If you’re 50 or older, you can add a $7,500 "catch-up contribution", making your total savings limit $31,000.
But here’s where it gets really interesting: If you’re aged 60–63, you can contribute an extra $11,250, bringing your total to $34,750 for the year.
What It Means for You:
More opportunity to invest: These increased limits are designed to help you boost your retirement savings during your highest-earning years.
Catch-up if you're behind: If you're in your 60s, this is your chance to supercharge your savings.
2. Roth IRA Income Limits Are Increasing
Roth IRAs are retirement accounts where your money grows tax-free, and you don’t pay taxes when you take it out later. But there’s a catch: You can only contribute to a Roth IRA if you earn under a certain amount.

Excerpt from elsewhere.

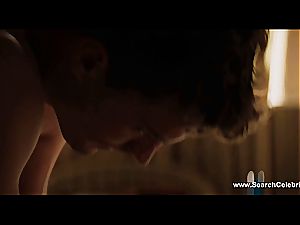 brown-haired Dakota Johnson smacked and tongued out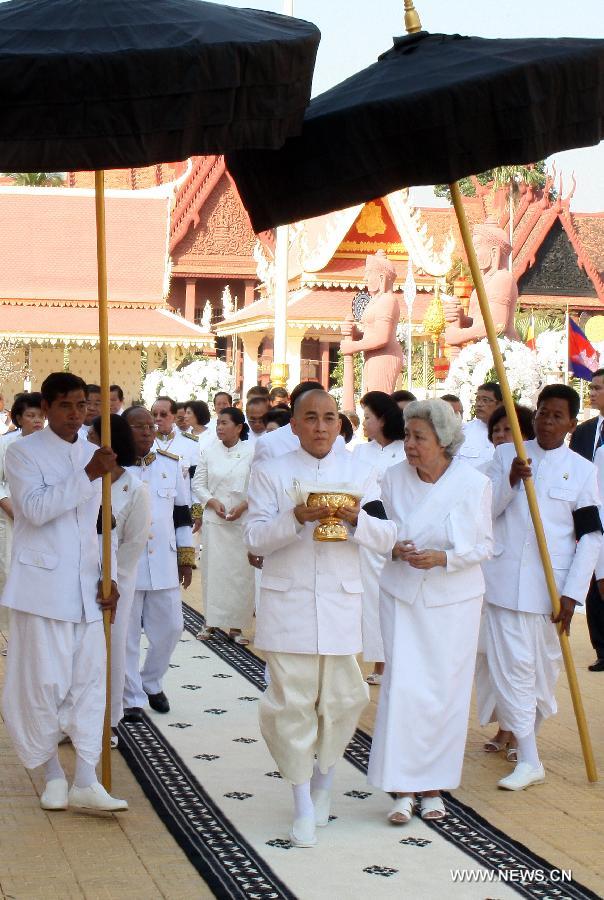 Cambodian King Norodom Sihamoni holds up a golden urn of late King Father Norodom Sihanouk's ashes at a cremation site next to the royal palace in Phnom Penh, capital of Cambodia, on Feb. 5, 2013. Cambodian royal families brought late King Father Norodom Sihanouk's ashes to scatter at the confluence of four rivers in front of the capital city's royal palace on Tuesday after his body was cremated. (Xinhua/Sovannara)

For 2025, the income limits are increasing, which means more people will qualify. Here's how it breaks down:
Single or Head of Household: You can contribute the full amount if you make less than $150,000. If you make between $150,000–$165,000, you can contribute a smaller (partial) amount. Above $165,000, you can’t contribute.

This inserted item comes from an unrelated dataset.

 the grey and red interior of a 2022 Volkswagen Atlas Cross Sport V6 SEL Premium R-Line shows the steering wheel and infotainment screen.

Married Filing Jointly: Full contributions are allowed if you earn under $236,000. Partial contributions are allowed if your income is between $236,000–$246,000. Above $246,000, you're out of luck.
What “Phase-Out Range” Means:
Think of the phase-out range as a sliding scale. If your income falls in the range (e.g., $150,000–$165,000 for singles), you can contribute less than the maximum but more than zero. The closer you are to the upper limit, the smaller your contribution amount will be.
What It Means for You:
More access to Roth IRAs: If your income is near these limits, the increase gives you a chance to start or keep contributing to a Roth IRA.
Tax-free withdrawals: Roth IRAs are a powerful tool for retirement since you won’t pay taxes on withdrawals.
3. Traditional IRA Deduction Limits Are Expanding
A traditional IRA lets you save for retirement and potentially lower your taxable income. But whether you can deduct your contributions depends on your income, your tax filing status, and whether you or your spouse has a retirement plan like a 401(k) at work.
For 2025, the income limits to deduct contributions are increasing:
If you (and your spouse) don't have a retirement plan at work, traditional IRA contributions are fully tax deductible.
Single (you have a workplace retirement plan): If you have a 401(k) or similar at work, you can deduct contributions if you earn under $79,000. Between $79,000–$89,000, the deduction phases out. Over $89,000, you can’t deduct contributions.
Married Filing Jointly (you have a workplace retirement plan): Full deductions if your income is under $126,000. Partial deductions between $126,000–$146,000. No deductions if you earn over $146,000.
Married Filing Jointly (you are contributing and you don’t have a workplace plan but your spouse does): Full deductions if your joint income is under $236,000. Partial deductions between $236,000–$246,000. No deductions over $246,000.
What “Covered by a Retirement Plan” Means:
If you or your spouse has a 401(k) or similar account through work, you’re considered “covered.” This affects how much you can deduct when contributing to a traditional IRA.
What It Means for You:
Double-check your eligibility: If you’re covered by a workplace plan and your income is in the phase-out range, you may still get a partial deduction. This helps reduce your taxes now.
Consider other options: If you can’t deduct IRA contributions, you might explore a Roth IRA or other tax-advantaged accounts.
4. Bitcoin ETFs in Retirement Accounts
Starting in 2025, some 401(k)s and IRAs will allow you to invest in Bitcoin ETFs (exchange-traded funds). This gives you a way to invest in cryptocurrency without the complexity of managing it directly.
What It Means for You:
New diversification options: Bitcoin ETFs let you dip a toe into crypto without diving headfirst into its volatility.
Proceed with caution: Crypto is what I call speculative. I personally limit this to a very small percentage (like 5%) of my portfolio.
Take Action Now
These updates aren’t just financial trivia—they’re opportunities to maximize your retirement savings and grow your wealth. Whether it’s increasing contributions, taking advantage of Roth IRA access, or exploring new investment options, the earlier you act, the more you’ll benefit.
Start planning now so you can make the most of these changes in 2025. Your future self will thank you.